Being active in sports psychology does not give the sports psychologist an automatic advantage over sports people. In football, there have been a number of managers – Jock Stein, Sir Matt Busby, Brian Clough, Bob Paisley, Martin O’Neill and Jose Mourinho – who are in of themselves the best sports psychologists around. Naturals. This is only to be expected. We all partake, to some extent, in our own psychology; we are all, to some degree, experts in ourselves. But that does not devalue attempts to explain and replicate successful sporting behaviour.
On my own account, I am unimpressed with sports psychology, interested in its potential, and irritated by its critics, especially when they confuse sports psychology with psychiatry and psychotherapy. I am in an awkward position to say so. Most of my work is psychotherapeutic in nature – I treat sufferers from depression, anxiety, phobia, panic, OCD and other related disorders. And, I work with golfers, football coaches, tennis players, Bridge players etc. to help them perform better. What I do with sports people is completely divorced from the other side of my work.
The difference between sports psychology and psychotherapy/psychiatry is well illustrated by the fact that some of the attributes of top sportsmen are regarded by psychotherapists/psychiatrists as undesirable. Top sportspeople devote themselves entirely to their sport – neglecting family, social life, career. Some of the attributes of top sportsmen – the desire to crush the opposition, to win because it means that others lose – do not translate easily into success in normal life or into moral behaviour as most non-sportspeople would recognise it.

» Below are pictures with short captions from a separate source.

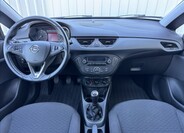 Opel Corsa 27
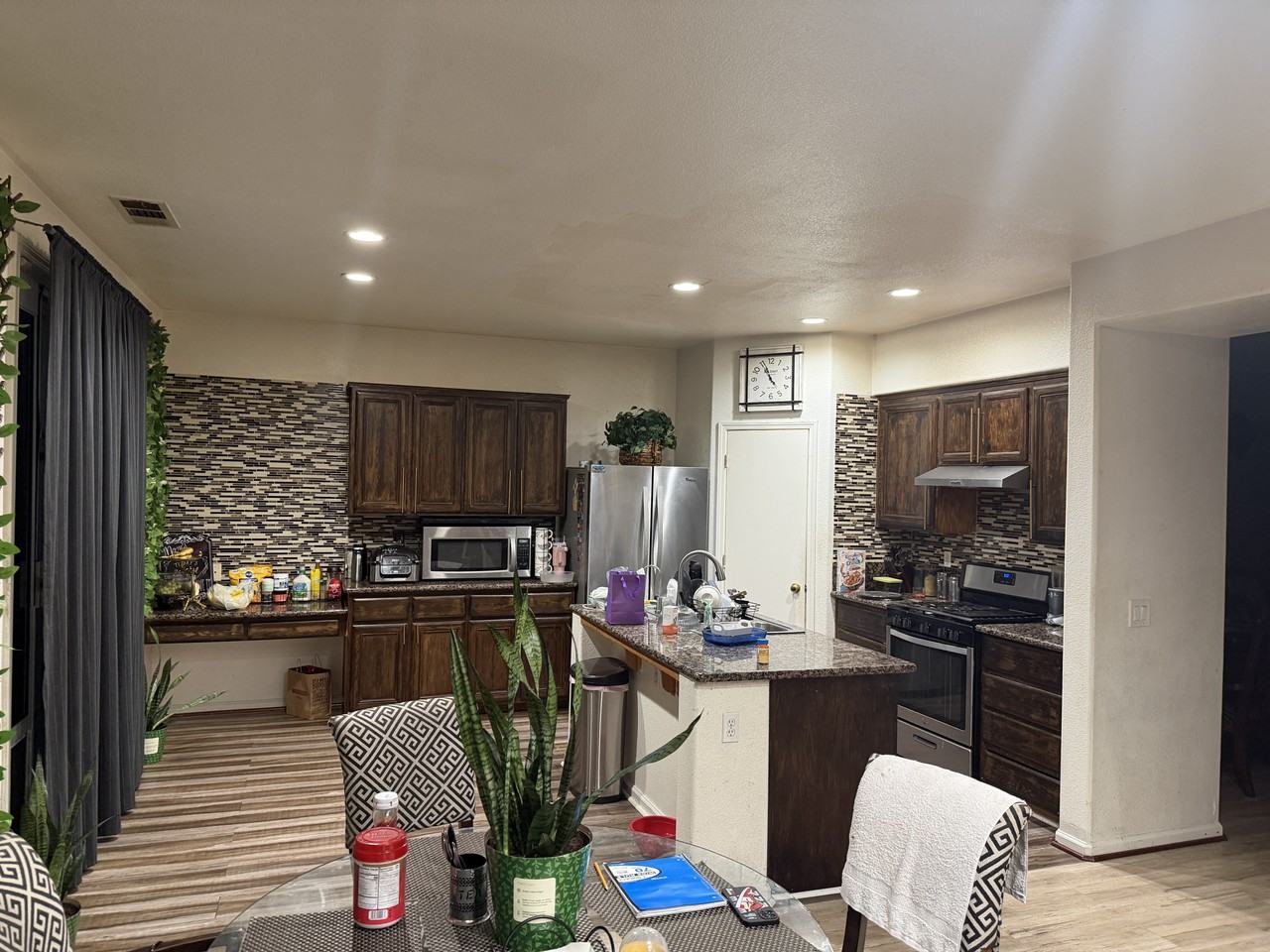 4544 Woodshire St - Photo 3 of 11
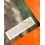 ROLEX 1960 VINTAGE MONTRES ROLEX SUBMARINER BIG CROWN 5510 BROCHURE LIVRET AUTHENTIQUE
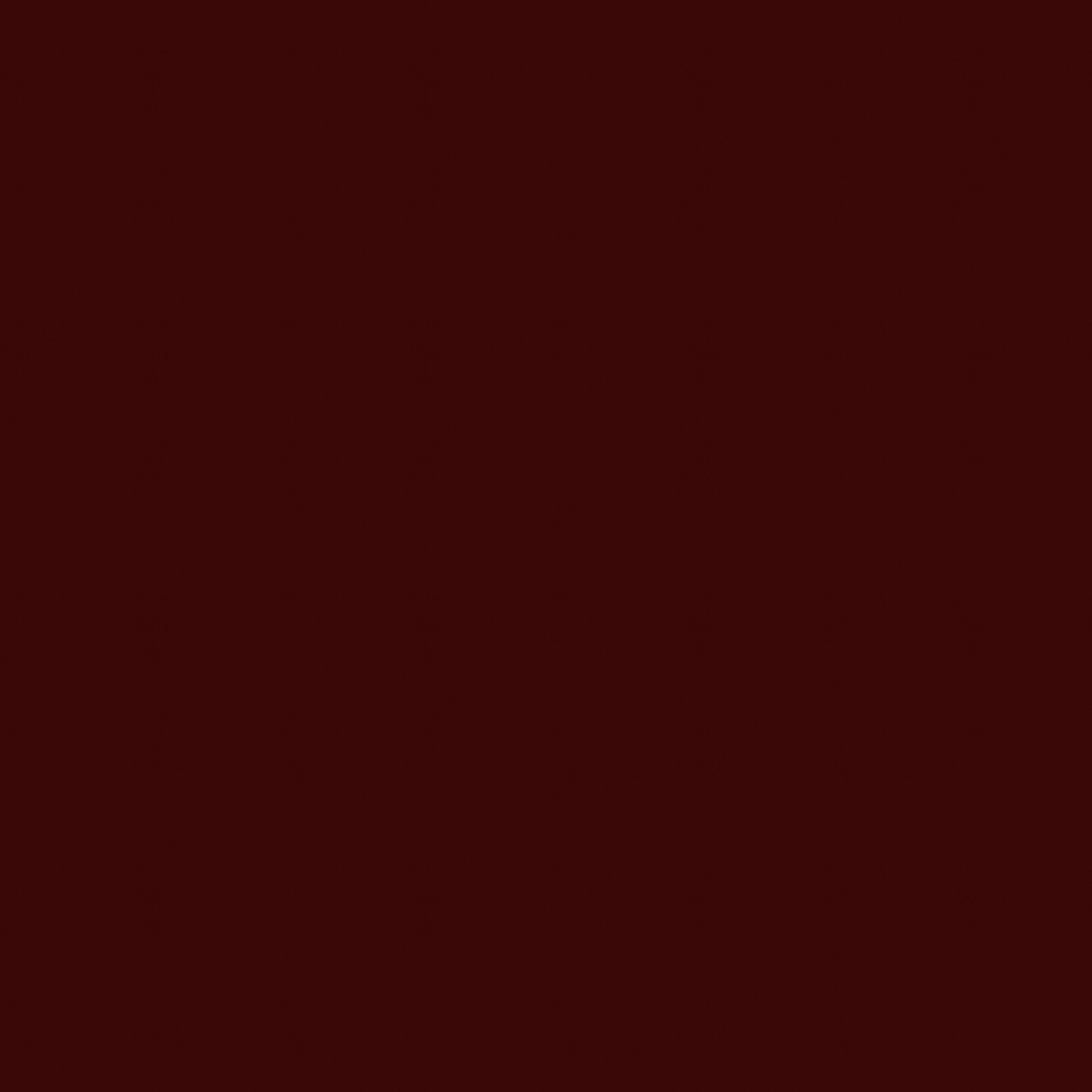 4096x4096 Solid Red Wallpaper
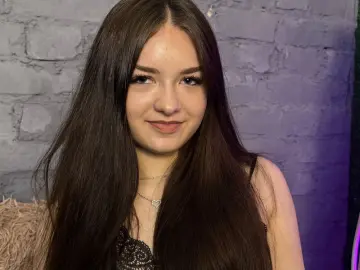 Livejasmin Free Porn Cam of JessikaPinkman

Broadcasters such as the BBC spend a lot of time presenting sport as an “inspiration to youth” – without much thought being given to the kind of life sport might be encouraging young people to adopt. One of the drivers behind the growth of organised sport in nineteenth century Britain was that sport encouraged moral behaviour – but it’s often lamented that the “Corinthian ideals” of Victorian sport included a hang-up about winning, and included the sense that sport was a form of training for life, not an end in itself. Both of those accusations are true, and neither of them excuse national broadcasters for missing the point that sport is not the ideal moral life compass that they would like it to be. It says something about our culture that Nelson Mandela – or pick the political/intellectual figure of your choice if Mandela offends – is held up as a role model in the UK somewhat less frequently than Steven Gerrard or Paula Radcliffe.